[[ DATA TO USE, beginning ]]
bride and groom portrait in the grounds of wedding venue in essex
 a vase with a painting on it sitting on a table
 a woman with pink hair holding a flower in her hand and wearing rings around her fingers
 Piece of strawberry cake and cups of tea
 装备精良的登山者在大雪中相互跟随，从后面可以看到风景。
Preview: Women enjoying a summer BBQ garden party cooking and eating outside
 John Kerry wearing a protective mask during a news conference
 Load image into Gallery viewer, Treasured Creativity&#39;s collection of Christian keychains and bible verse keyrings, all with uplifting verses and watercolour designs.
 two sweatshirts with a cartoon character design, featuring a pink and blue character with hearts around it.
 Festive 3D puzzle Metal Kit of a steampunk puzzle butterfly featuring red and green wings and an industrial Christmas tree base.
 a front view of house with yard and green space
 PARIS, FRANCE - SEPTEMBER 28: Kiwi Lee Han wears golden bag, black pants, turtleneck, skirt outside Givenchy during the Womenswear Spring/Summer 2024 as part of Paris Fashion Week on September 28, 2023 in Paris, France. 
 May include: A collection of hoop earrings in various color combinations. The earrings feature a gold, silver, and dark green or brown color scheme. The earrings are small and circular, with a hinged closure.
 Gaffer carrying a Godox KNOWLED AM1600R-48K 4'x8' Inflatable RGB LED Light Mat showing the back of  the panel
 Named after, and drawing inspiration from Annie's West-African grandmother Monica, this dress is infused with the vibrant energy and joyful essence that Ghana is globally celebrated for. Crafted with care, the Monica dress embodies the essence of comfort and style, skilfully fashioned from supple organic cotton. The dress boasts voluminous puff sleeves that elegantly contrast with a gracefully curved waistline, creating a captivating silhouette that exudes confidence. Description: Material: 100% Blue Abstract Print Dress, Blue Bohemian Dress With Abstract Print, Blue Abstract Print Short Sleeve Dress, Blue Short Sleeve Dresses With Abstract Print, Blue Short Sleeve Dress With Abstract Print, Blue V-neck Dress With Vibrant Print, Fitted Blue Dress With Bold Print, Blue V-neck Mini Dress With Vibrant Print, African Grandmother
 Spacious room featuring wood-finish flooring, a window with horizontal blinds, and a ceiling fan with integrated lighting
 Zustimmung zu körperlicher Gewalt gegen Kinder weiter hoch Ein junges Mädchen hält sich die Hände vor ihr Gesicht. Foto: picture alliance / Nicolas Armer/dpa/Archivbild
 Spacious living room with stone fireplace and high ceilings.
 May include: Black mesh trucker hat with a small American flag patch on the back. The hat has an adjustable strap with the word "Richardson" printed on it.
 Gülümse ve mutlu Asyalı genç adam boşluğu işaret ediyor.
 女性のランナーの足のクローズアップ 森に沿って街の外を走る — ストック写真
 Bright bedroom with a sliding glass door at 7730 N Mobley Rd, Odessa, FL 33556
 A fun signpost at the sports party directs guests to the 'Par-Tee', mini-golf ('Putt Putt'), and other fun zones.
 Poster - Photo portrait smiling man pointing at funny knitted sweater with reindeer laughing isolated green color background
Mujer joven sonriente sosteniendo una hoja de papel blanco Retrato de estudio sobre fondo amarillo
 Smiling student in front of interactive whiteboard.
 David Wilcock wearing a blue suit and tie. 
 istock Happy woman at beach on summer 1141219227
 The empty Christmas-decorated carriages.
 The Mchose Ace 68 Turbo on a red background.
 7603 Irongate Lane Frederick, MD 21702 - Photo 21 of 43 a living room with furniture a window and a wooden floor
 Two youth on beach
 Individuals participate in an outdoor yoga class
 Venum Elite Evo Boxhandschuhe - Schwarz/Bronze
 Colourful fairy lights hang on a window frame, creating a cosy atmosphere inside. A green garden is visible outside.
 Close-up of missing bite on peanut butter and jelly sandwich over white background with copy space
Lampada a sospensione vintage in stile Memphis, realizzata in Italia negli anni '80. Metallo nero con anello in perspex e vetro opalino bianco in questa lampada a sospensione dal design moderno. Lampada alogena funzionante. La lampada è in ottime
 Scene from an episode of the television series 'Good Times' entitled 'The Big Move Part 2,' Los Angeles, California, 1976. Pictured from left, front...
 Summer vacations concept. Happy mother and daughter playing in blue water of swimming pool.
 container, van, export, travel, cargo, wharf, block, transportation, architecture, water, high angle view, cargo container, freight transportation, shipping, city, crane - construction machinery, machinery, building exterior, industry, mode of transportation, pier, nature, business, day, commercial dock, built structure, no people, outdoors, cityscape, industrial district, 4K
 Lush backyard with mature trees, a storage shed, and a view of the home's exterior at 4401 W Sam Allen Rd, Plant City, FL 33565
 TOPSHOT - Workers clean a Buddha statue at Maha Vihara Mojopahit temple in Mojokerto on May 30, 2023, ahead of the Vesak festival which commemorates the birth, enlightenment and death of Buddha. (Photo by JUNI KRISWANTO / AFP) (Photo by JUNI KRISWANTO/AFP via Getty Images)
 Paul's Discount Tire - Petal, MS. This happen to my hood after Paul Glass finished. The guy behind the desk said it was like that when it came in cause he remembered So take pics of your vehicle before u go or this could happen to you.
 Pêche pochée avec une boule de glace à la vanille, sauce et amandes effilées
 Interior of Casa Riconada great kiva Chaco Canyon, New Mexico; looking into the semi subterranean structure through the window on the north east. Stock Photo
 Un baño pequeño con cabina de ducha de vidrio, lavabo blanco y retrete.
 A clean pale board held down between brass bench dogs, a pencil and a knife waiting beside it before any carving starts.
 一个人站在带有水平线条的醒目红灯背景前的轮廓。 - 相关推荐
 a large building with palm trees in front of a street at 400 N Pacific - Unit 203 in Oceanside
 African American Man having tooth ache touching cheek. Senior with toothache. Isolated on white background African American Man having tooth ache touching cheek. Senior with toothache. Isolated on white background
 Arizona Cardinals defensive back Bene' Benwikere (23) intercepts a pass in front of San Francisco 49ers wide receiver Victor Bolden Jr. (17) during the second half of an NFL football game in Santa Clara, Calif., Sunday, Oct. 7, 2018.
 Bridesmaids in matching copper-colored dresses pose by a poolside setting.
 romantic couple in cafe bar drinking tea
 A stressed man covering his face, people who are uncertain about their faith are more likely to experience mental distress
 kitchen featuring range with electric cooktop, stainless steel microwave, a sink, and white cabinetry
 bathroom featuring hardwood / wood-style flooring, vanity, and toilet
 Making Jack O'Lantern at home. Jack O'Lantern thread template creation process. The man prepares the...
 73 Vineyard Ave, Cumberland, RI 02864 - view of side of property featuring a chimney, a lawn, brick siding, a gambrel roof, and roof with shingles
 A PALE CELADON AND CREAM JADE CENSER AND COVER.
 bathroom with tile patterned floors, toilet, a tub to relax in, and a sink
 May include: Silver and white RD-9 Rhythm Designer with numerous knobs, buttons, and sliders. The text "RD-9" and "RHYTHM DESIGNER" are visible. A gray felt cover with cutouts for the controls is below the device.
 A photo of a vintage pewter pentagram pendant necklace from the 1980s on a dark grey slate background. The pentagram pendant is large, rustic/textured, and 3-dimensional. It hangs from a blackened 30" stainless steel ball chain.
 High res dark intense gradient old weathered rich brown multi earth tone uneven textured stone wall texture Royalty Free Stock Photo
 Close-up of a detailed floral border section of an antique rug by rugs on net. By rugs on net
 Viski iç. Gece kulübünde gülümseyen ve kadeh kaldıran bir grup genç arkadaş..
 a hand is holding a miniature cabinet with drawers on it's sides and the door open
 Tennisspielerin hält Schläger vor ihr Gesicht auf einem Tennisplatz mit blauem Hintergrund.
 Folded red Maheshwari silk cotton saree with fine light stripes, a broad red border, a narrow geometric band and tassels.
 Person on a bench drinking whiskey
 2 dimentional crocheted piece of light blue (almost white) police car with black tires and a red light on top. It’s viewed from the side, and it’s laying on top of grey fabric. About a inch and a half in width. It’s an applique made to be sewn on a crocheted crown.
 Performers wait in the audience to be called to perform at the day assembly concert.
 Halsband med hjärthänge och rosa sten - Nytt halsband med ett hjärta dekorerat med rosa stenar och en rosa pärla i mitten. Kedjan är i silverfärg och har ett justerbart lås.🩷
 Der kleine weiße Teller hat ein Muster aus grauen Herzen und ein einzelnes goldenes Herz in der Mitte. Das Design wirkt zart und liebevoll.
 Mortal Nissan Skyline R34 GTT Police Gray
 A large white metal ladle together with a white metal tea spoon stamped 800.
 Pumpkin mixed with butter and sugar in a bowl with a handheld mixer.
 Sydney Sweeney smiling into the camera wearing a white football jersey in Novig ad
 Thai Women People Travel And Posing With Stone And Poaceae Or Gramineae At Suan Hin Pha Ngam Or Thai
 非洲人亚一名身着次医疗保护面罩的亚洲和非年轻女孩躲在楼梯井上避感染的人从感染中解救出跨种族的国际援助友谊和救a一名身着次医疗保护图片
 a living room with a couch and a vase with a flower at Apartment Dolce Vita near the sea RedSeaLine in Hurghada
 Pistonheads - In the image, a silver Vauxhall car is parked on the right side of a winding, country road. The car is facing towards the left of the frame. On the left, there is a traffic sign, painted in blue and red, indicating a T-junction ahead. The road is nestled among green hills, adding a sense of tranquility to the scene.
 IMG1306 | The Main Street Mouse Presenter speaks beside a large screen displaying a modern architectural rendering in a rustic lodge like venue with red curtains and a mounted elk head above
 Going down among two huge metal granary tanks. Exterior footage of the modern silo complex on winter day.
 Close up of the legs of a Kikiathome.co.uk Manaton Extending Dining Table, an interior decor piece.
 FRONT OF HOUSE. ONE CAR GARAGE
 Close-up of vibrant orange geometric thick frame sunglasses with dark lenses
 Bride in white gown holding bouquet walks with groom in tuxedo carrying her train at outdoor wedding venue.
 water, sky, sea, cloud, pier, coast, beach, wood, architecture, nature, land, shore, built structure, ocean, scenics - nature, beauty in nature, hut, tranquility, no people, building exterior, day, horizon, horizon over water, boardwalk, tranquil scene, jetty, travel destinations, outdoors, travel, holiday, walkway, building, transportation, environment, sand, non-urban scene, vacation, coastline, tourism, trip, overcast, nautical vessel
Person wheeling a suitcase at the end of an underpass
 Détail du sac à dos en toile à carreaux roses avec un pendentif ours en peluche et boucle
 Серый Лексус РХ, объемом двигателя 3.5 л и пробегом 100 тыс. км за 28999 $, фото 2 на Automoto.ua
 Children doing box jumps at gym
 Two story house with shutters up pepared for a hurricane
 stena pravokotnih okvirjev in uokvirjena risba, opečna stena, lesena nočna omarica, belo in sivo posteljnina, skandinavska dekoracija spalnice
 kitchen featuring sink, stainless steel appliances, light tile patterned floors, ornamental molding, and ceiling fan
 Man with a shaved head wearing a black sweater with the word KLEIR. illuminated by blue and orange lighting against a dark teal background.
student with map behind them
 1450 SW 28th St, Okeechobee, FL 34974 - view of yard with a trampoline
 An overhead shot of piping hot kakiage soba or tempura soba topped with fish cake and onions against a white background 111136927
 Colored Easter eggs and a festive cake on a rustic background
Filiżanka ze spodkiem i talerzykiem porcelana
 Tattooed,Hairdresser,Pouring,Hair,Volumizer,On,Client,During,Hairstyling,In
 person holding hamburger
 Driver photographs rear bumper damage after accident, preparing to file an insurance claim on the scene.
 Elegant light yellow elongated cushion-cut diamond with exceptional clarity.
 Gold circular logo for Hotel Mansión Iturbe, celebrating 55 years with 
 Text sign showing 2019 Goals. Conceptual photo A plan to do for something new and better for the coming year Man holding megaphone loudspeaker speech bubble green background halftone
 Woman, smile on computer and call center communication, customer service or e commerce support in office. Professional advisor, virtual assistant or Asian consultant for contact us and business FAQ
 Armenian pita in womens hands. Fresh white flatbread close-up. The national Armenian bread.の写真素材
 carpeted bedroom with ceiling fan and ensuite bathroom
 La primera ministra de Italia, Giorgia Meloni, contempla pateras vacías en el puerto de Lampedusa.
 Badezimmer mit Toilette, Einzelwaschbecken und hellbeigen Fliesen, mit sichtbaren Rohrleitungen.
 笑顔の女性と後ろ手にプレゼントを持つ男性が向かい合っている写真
[[ DATA TO USE, end ]]
(WHAT THE TASK REQUIRES) Show the lines above that have the word "behind".

(ANSWER TO THIS TASK)
 Paul's Discount Tire - Petal, MS. This happen to my hood after Paul Glass finished. The guy behind the desk said it was like that when it came in cause he remembered So take pics of your vehicle before u go or this could happen to you.
student with map behind them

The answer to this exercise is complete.